The entirety of the pit crew: Gatorade bottle-polisher, coffee runner, nitrogen tire pumper-upper, jackstand wielder and lone team supporter. On TV one always sees a dozen and a half strapping lads humming about the cars in the pit like a swarm of bees, four or eight pneumatic socket wrenches firing at once to get the tires changed out in seconds, new fuel injected under pressure into the gas tank, the whole operation over in a the blink of an eye. All surrounded by last year's cheerleaders urging the proceedings along. I had always thought life in the pits so energetic and glamorous. Instead, the main focus of my job was apparently to make sure a tote bag with a couple of bananas in it didn't get soggy during a brief rain shower.

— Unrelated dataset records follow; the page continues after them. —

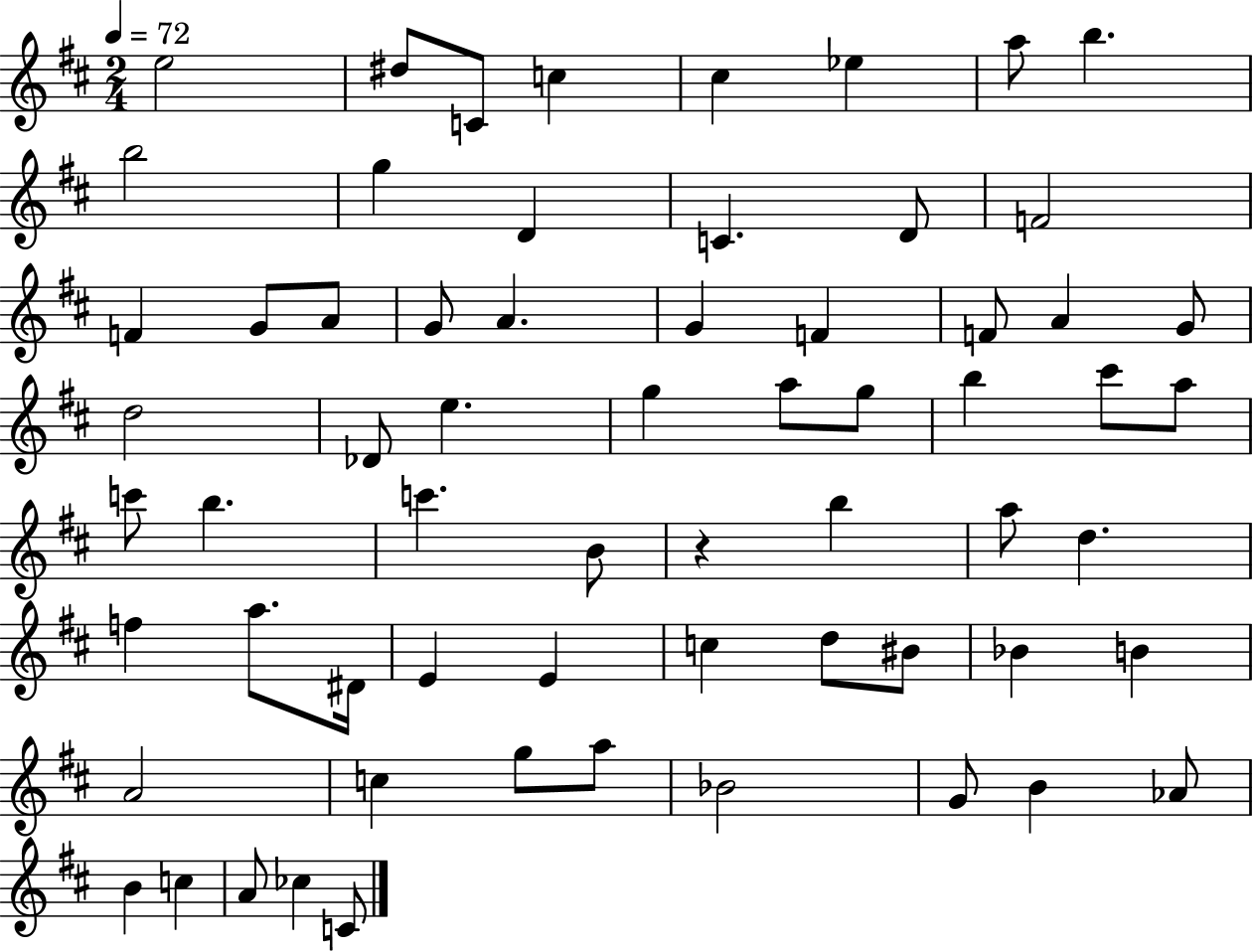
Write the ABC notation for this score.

X:1
T:Untitled
M:2/4
L:1/4
K:D
e2 ^d/2 C/2 c ^c _e a/2 b b2 g D C D/2 F2 F G/2 A/2 G/2 A G F F/2 A G/2 d2 _D/2 e g a/2 g/2 b ^c'/2 a/2 c'/2 b c' B/2 z b a/2 d f a/2 ^D/4 E E c d/2 ^B/2 _B B A2 c g/2 a/2 _B2 G/2 B _A/2 B c A/2 _c C/2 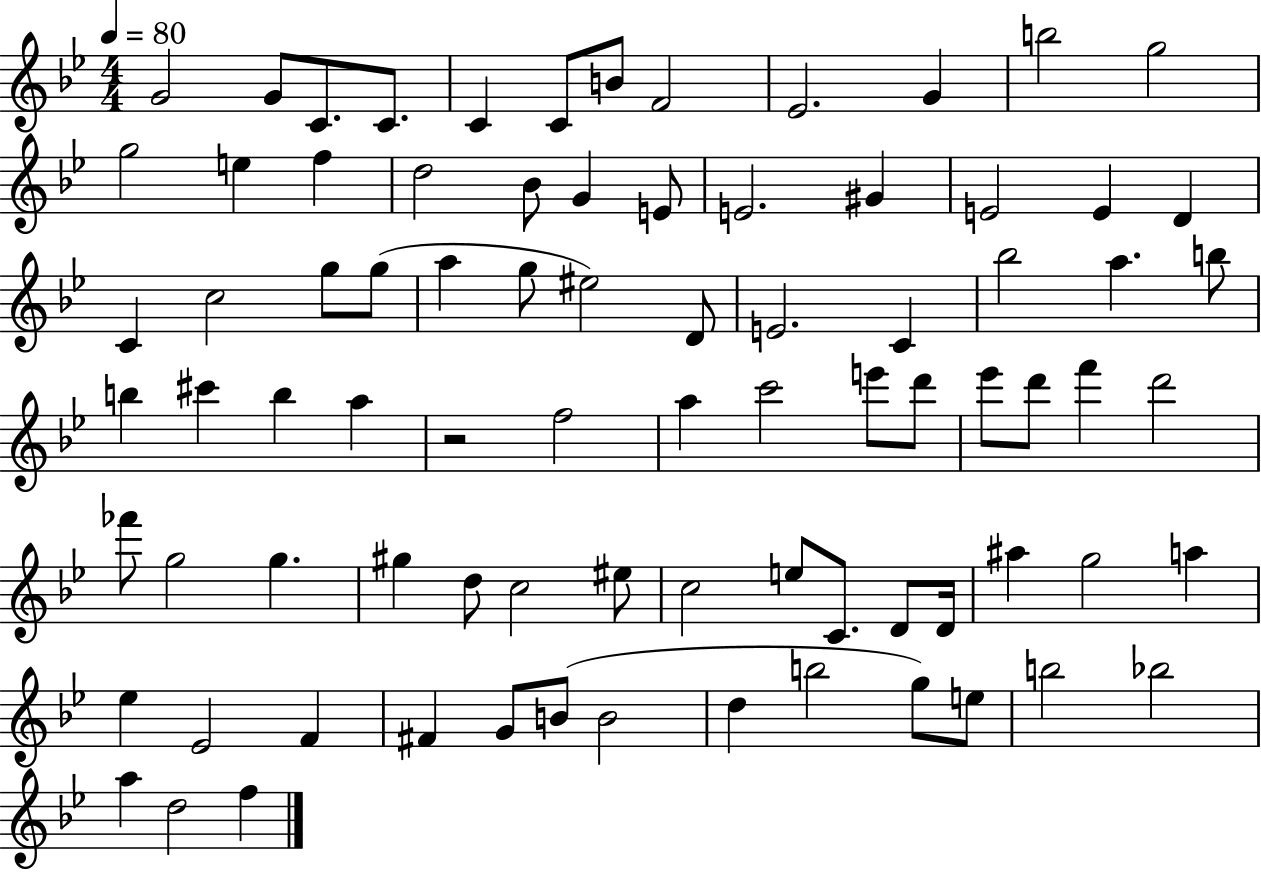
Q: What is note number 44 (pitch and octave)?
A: C6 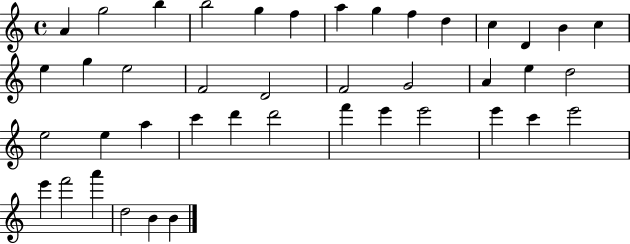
{
  \clef treble
  \time 4/4
  \defaultTimeSignature
  \key c \major
  a'4 g''2 b''4 | b''2 g''4 f''4 | a''4 g''4 f''4 d''4 | c''4 d'4 b'4 c''4 | \break e''4 g''4 e''2 | f'2 d'2 | f'2 g'2 | a'4 e''4 d''2 | \break e''2 e''4 a''4 | c'''4 d'''4 d'''2 | f'''4 e'''4 e'''2 | e'''4 c'''4 e'''2 | \break e'''4 f'''2 a'''4 | d''2 b'4 b'4 | \bar "|."
}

I didn't have a fireproof codpiece, so I wasn't allowed onto the track side of the pit to refuel the beastmaster. Here Larry from Long Island helps out, gassing Joseph up in pit number 27. Larry and his brother Cory co-drove an orange and black BMW to victory in the ST-5 class, just edging out the Fratesi phenomenon.
Hooded and crouched, Joseph appears to be an aspiring suicide bomber bidding the world and his car adieu, but in fact he is checking tire pressure and temperature after a few savage laps, trying to determine how much rubber will be holding the road once the gummy rubber tires have had a chance to warm up.
The Darth Vader of amateur racing, a chopped Ford F-150 pickup truck, which, Joseph says, "bears no resemblance to the original." Little more than a few flimsy panels hanging off of a tubular frame, these beasts drive in the big bore class. They sound, as Joseph puts it, "like someone banging on sheet metal with a hammer.... The first time I drove in an enduro race and one of these came up behind me, I almost pissed myself. You're thinking: what the hell is that? I was so freaked I drove right off the track."
With awesome and ominous thunder clouds rolling in, race officials ended the two-hour enduro race half an hour early.
A podium finish in both the sprints and the enduro! Double Silver. Fratesi displays the fruits of victory and enjoys a complimentary Yuengling.